Elasticsearch — Setting up a synonyms search

Hey folks! Throughout this post, we will see how to configure a basic synonyms search using Elasticsearch (:

Regardless the expertise with Elasticsearch, you might be able to understand this basic implementation.

To keep this post short, we will go through the most basic implementation, I may write more about this topic in the future, let’s start! (:

Our Problem

After some investigation, we noticed that in Brazil notebook is a synonym for laptop, all our competitors have updated they systems to work with that.
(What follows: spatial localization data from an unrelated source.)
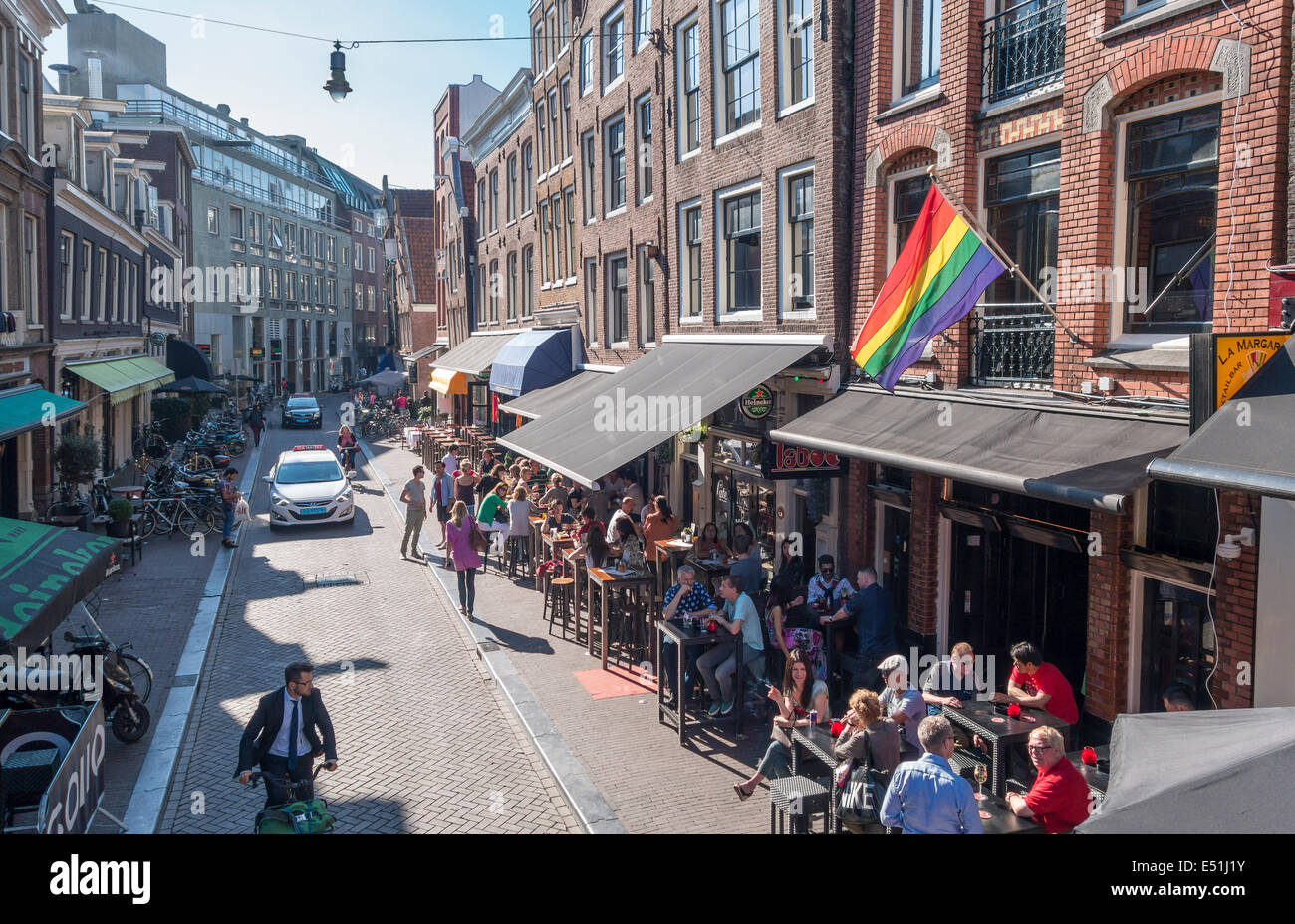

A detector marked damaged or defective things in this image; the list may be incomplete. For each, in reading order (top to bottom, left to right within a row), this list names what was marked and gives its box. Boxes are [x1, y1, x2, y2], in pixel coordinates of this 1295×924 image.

red pavement patch [577, 662, 657, 698] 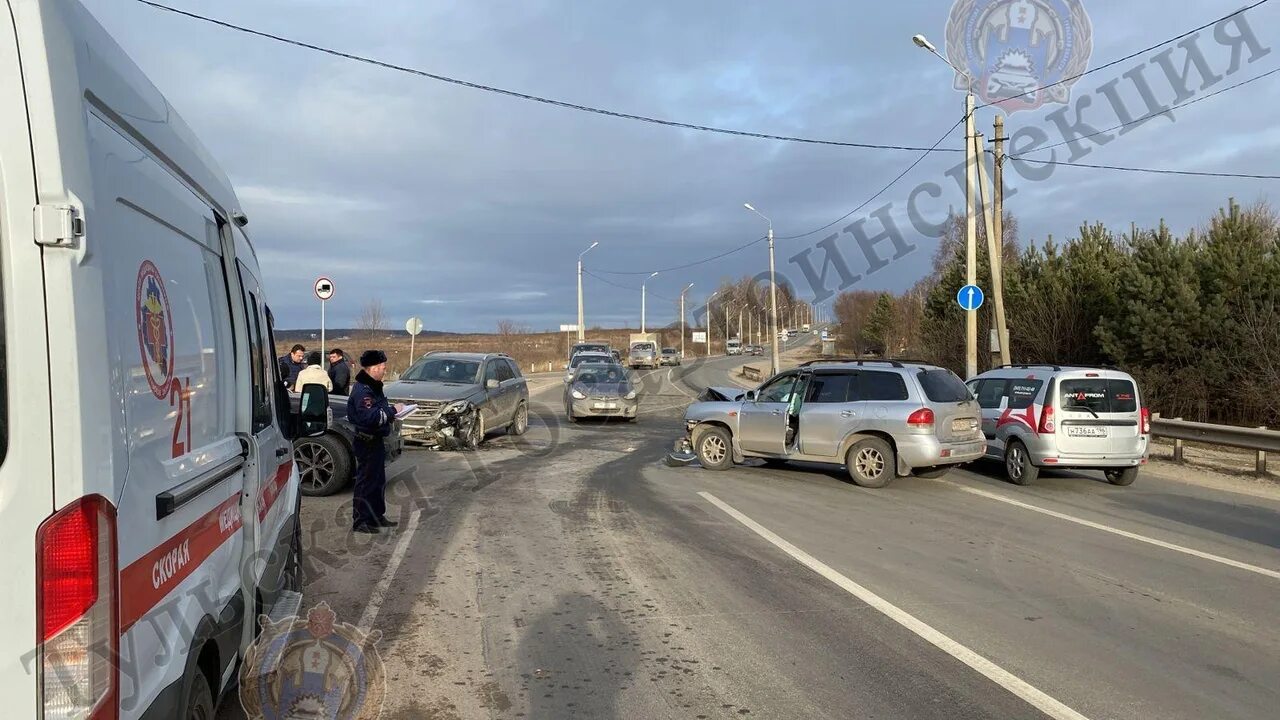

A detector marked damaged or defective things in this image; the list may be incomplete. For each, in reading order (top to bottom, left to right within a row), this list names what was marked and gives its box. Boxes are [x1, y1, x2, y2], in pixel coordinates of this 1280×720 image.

damaged gray car [382, 352, 528, 448]
damaged silver suv [388, 352, 532, 448] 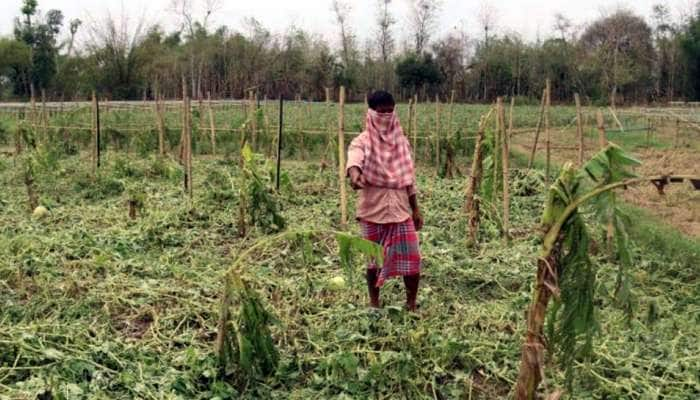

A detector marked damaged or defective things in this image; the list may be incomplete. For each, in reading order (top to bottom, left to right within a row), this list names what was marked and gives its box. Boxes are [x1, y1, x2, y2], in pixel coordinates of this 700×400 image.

damaged crop field [0, 101, 696, 400] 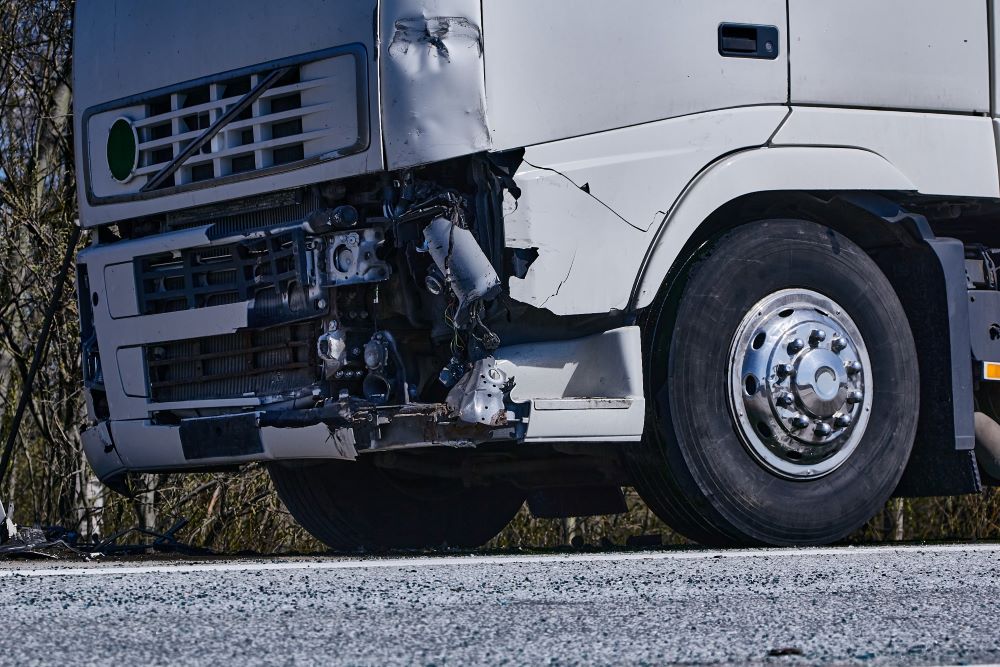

It’s our turn to fix it, increase our sales and make our customers happy again :)

With this in mind, let’s start setting up the Elasticsearch environment.

Setting up the environment

To start the Elasticsearch cluster run:

$ docker run -p 9200:9200 docker.elastic.co/elasticsearch/elasticsearch:6.0.0

We are supposed to see something like this on the console:

...
[2017-11-24T21:19:48,835][INFO ][o.e.x.s.t.n.SecurityNetty4HttpServerTransport] [3FHsLdj] publish_address {172.17.0.2:9200}, bound_addresses {0.0.0.0:9200}
[2017-11-24T21:19:48,836][INFO ][o.e.n.Node ] [3FHsLdj] started
[2017-11-24T21:19:48,923][INFO ][o.e.g.GatewayService ] [3FHsLdj] recovered [0] indices into cluster_state

Note: if you get the max virtual memory areas error, you can run sudo systcl -w vm.max_map_count=262144 , I also recommend you search for this error to understand this workaround.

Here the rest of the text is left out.